Both of us, however, used the same basic construction technique.  Our dresses are a tube, made by taking a piece of fabric of the correct size to cover us from collarbone to hem, and sewing it into a tube at one side.  The dresses were then pleated in the front, in the area between where the brooches would sit,  to narrow the top of the tube to fit the upper torso.  Interestingly, I recently obtained an article about the Køstrup find which seems to be expressing the opinion that the pleated section of the dress was an inset, sewn into the top of the dress on both sides. Hopefully, I'll get to blog about that article later this week.

If I make another Køstrup apron dress, I will try Shelagh's suggestion of using only short loops, just to see whether I find the result comfortable, since it clearly results in a dress that stays in place better than my version does.

EDIT: As of tonight (July 4, 2010) I noticed that Shelagh has updated her page to describe her construction method in greater detail.
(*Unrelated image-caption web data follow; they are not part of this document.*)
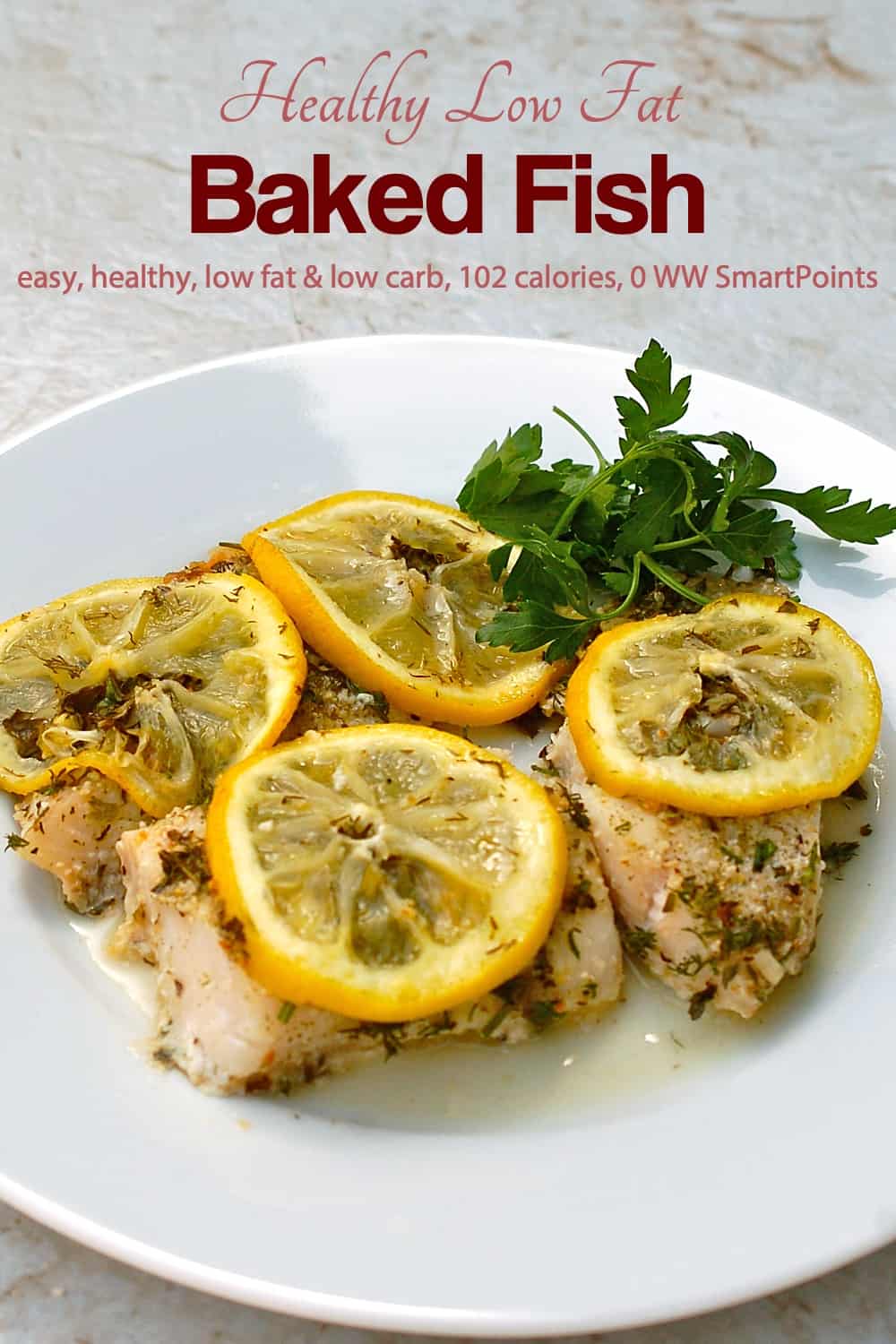 Baked fish topped with lemon slices and fresh herbs on a white plate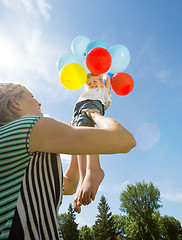 Image showing Happy Mother And Daughter Playing With Balloons Against Sky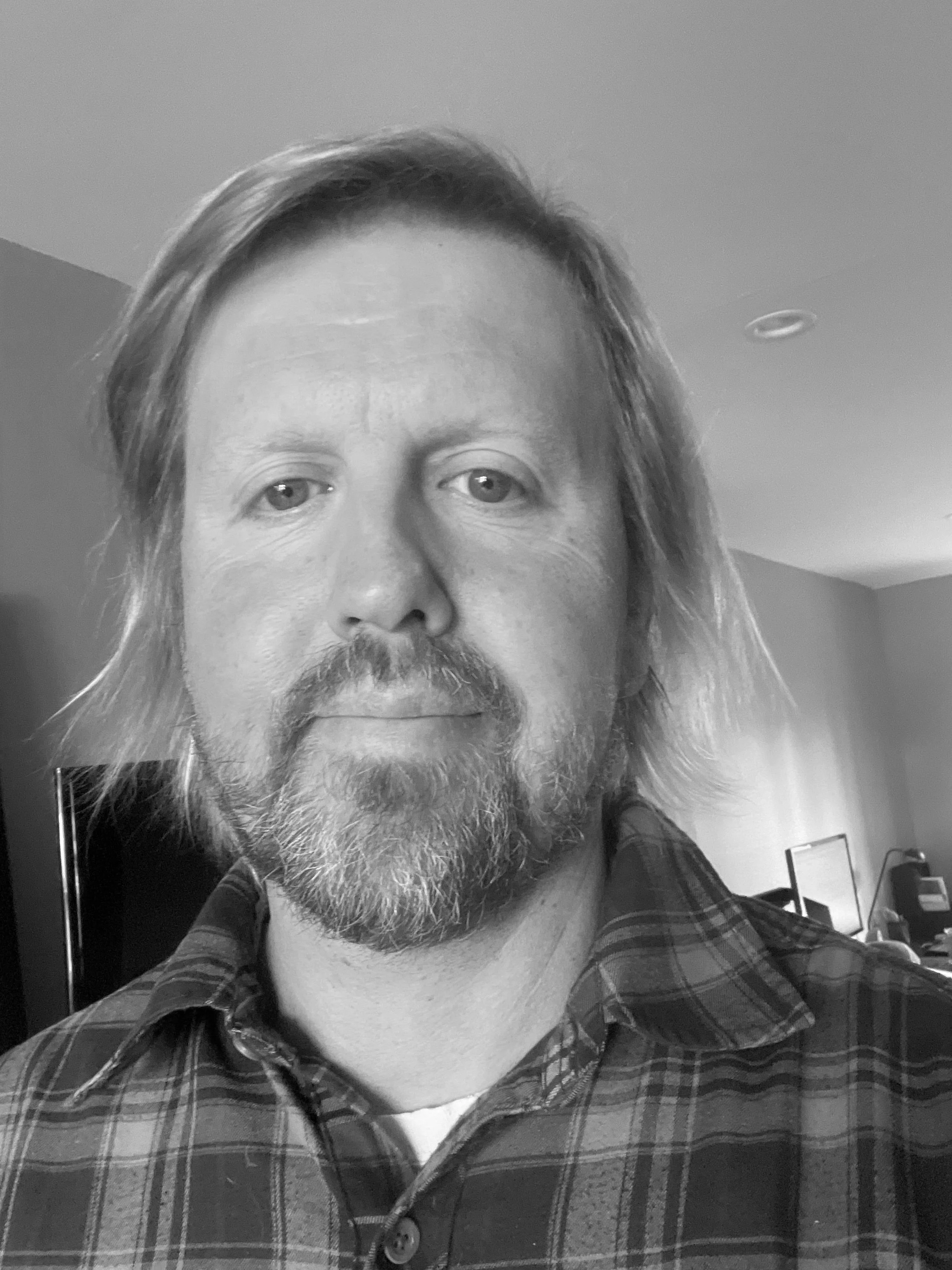 Joel+Flannel+headshot.jpg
Check it out!


  1. The Køstrup article seems to say that the tablet woven band was only between the brooches and only 20 cm long:


    Melem fiblerne, langs selekjolens vandrette søm, har et mørkeblåt, ca. 14 mm bredt mønstret brikbånd af uld været anbragt, oprindeligt ca. 20 cm langt.

    Between the brooches, positioned along the horizontal seam (edge) of the suspended skirt, was a dark blue, ca. 14 cm wide patterned tablet-woven band of wool, initially ca. 20 cm long.

  2. Google Translate agrees with your read of what the Rasmussen/Lønborg article says about the length of the tablet-woven band. I just wish I had a photograph that showed that. The photograph from Viking Clothing is useless for that purpose.

  3. Have you guys seen this? I know the era is wrong, but...

  4. @Portia No, I had not seen the second century CE "Roman" sculpture from the eastern half of the Empire (wish the site had more detailed information about where it was found, but antiquities sellers seldom do, unfortunately), and it is interesting. Unfortunately, without more information about where it was found (and thus what woman, or sort of woman, the sculptor was trying to depict), it's hard to make reasonable deductions about what it tells us about her costume.

    It has long been assumed that the Roman stola (the wool overdress that was emblematic of decent Roman matrons) was the ancestor of the Viking "apron dress", but that's a proposition that's hard to prove. Stolas, like apron dresses, hung from straps and could be pleated like the garment shown on this statue. On the other hand, the stola was characteristically made from wool and was always pleated, while there is evidence that some Viking "apron dresses" were made from linen and not all "apron dresses" were pleated. More information about this statue might be a helpful link in establishing this chronology.

    The David Aaron site refers to the "cloak" over the statue's head as a "himation". That's unlikely, as the "himation" was seen as a Greek, not a Roman garment. If the woman was Roman, that fabric likely was part of a palla, the wrapped cloak commonly worn by Roman women. It could even be a separate veil.